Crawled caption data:
★ ★ ★ ★

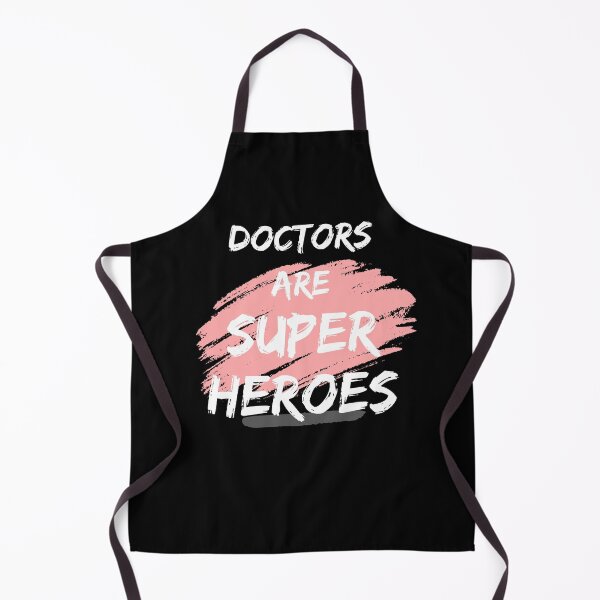 Item preview, Doctors Are Super Heroes - Heroes of Healthcare - Saving Lives, One Patient at a Time designed and sold by Chromatic-Art.
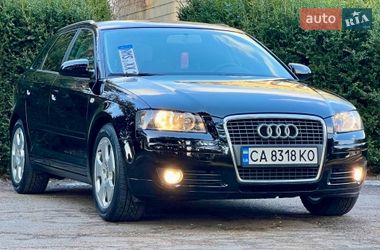 Хэтчбек Audi A3 2008 в Умани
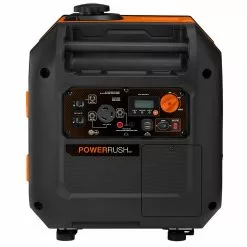 Generac IQ3500 120-Volt 3,500-Watt OHV Electric/Recoil Start Inverter - 7127 Gasoline Generators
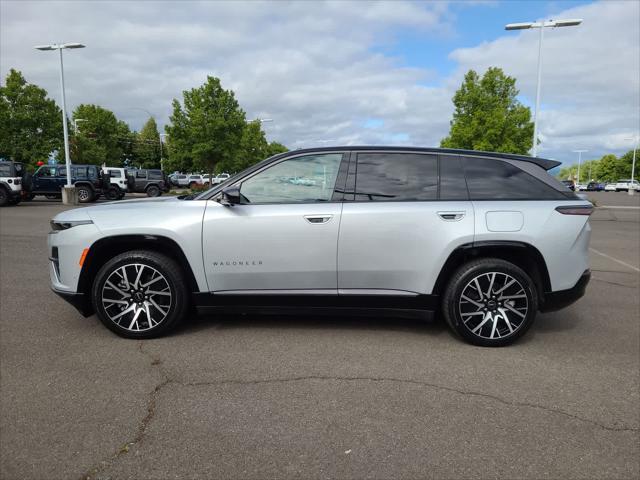 new 2025 Jeep Wagoneer S car, priced at $50,269
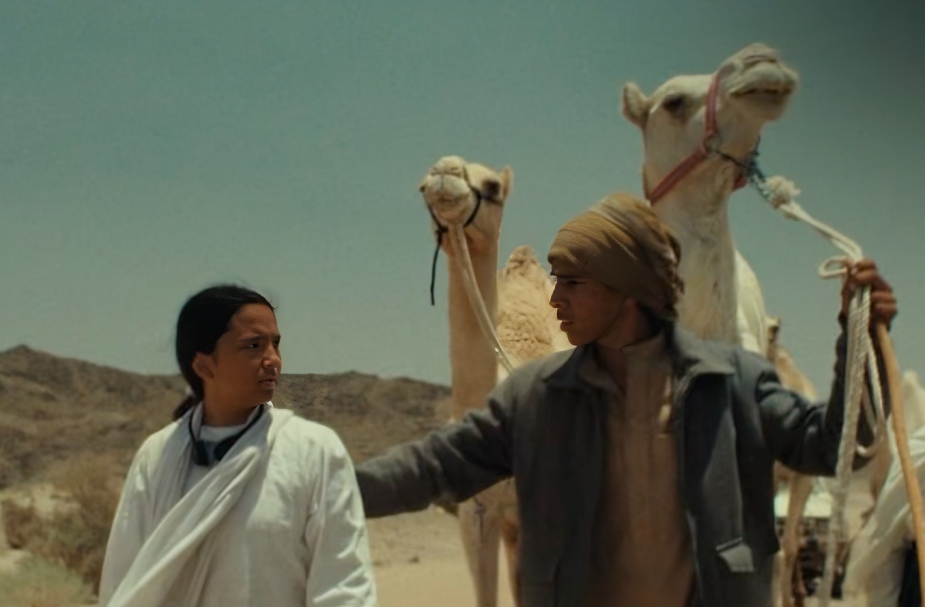 A Saudi Cinematic Journey: Saudi Film "Hijrah" Steps Into Oscar's Race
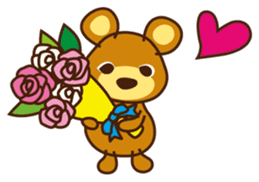 Charlie Koeman Bear sticker #1481289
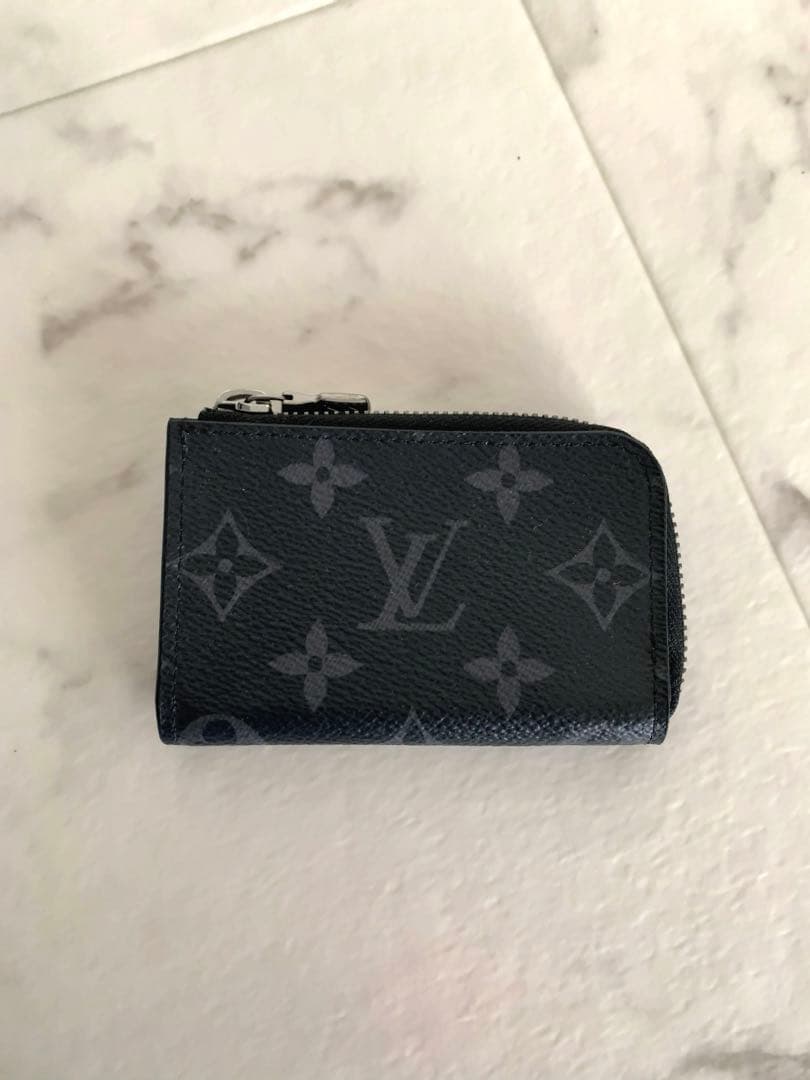 【ルイヴィトン LOUIS VUITTON】ポルトモネジュール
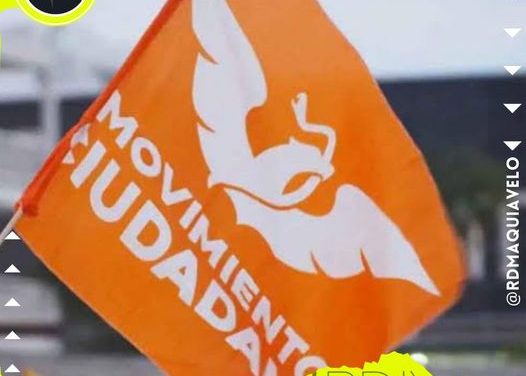 BUSCAN INCORPORAR A MOVIMIENTO CIUDADANO A LA COALICIÓN “VA POR MÉXICO”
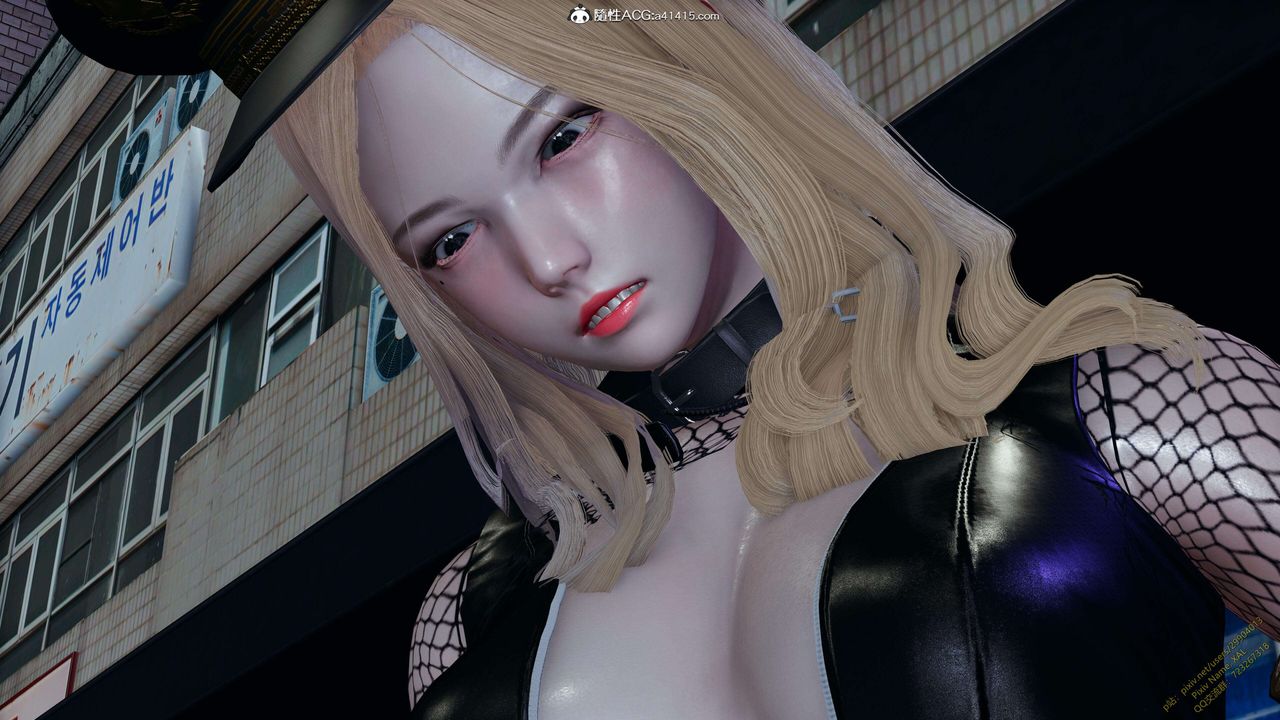 [3D]ElfSoul精魂之灵番外篇3.主线番外编-谁是凶手12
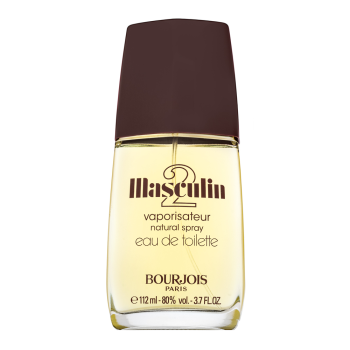 Bourjois Masculin 2 Eau de Toilette für Herren 112 ml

★ ★ ★ ★

• _The problem_:
Begin at the first line of the entries and end at the line containing "A Saudi Cinematic": write out each line exactly, skipping pictures.

• _Solution to this problem_:
 Item preview, Doctors Are Super Heroes - Heroes of Healthcare - Saving Lives, One Patient at a Time designed and sold by Chromatic-Art.
 Хэтчбек Audi A3 2008 в Умани
 Generac IQ3500 120-Volt 3,500-Watt OHV Electric/Recoil Start Inverter - 7127 Gasoline Generators
 new 2025 Jeep Wagoneer S car, priced at $50,269
 A Saudi Cinematic Journey: Saudi Film "Hijrah" Steps Into Oscar's Race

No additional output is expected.